Rating (out of 5): 4.5 stars
Note: While this review is spoiler-free for At Grave’s End, it will give away key points from earlier Night Huntress novels. If you haven’t entered the great world of Cat and Bones, please read our review of the first novel Halfway to the Grave instead.
Jeaniene Frost has never been one to give her characters a break. One might think after ill-advised sacrifices for love, being kidnapped by one’s own father, impromptu vampire marriage and, well, having to deal with Cat’s mom in general, it’d be hard to find Cat and her husband Bones in worse situations. But, of course, it just gets worse — and I ate up every little bit of it.

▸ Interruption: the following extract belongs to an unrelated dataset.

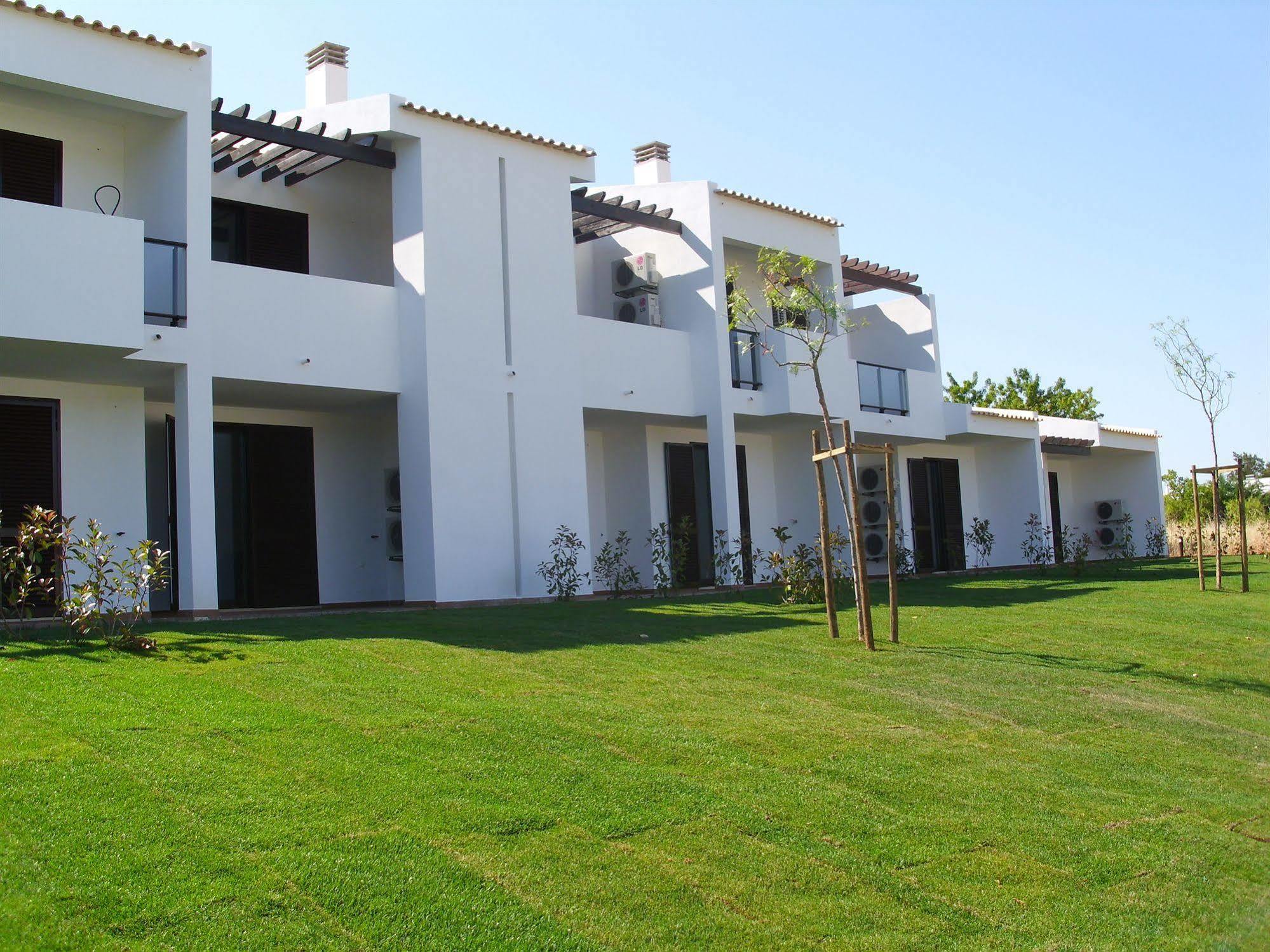Alto Fairways Aparthotel Alvor Bagian luar foto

I won’t give away the big double-take, freak-out moment. But, in other events, Cat’s mom does admit she wasn’t raped by a vampire, but it doesn’t make her any nicer to her half-vampire daughter. Dear ol’ dad is back in action and thinks taking out his daughter will make the other vampires quit teasing him about siring the half-breed Red Reaper.
In At Grave’s End, Cat and Bones’ relationship is solid and the focus shifts more to their interactions with others — and how those around them deal with C&B as a team. Tate refuses to give up on Cat, and her internal conflict over her good friend making blatant moves on her — in front of her husband — showcases the character depth of this series.
This third book in the Night Huntress series is when the door is opened to more of the supporting characters. We meet additional vampires that will make frequent appearances later including Vlad (yep, that one). The robust characters in this book help keep the reader grounded as the plot takes us to emotional highs and lows.
Dealing with the potentiality and reality of death, what happens when love is one-sided and the importance of knowing who truly has your back are heavy themes, but At Grave’s End handles them with humor and honesty.
You’ll still get Cat and Bones in love, but At Grave’s End is when you get to meet more Night Huntress characters worthy of your love.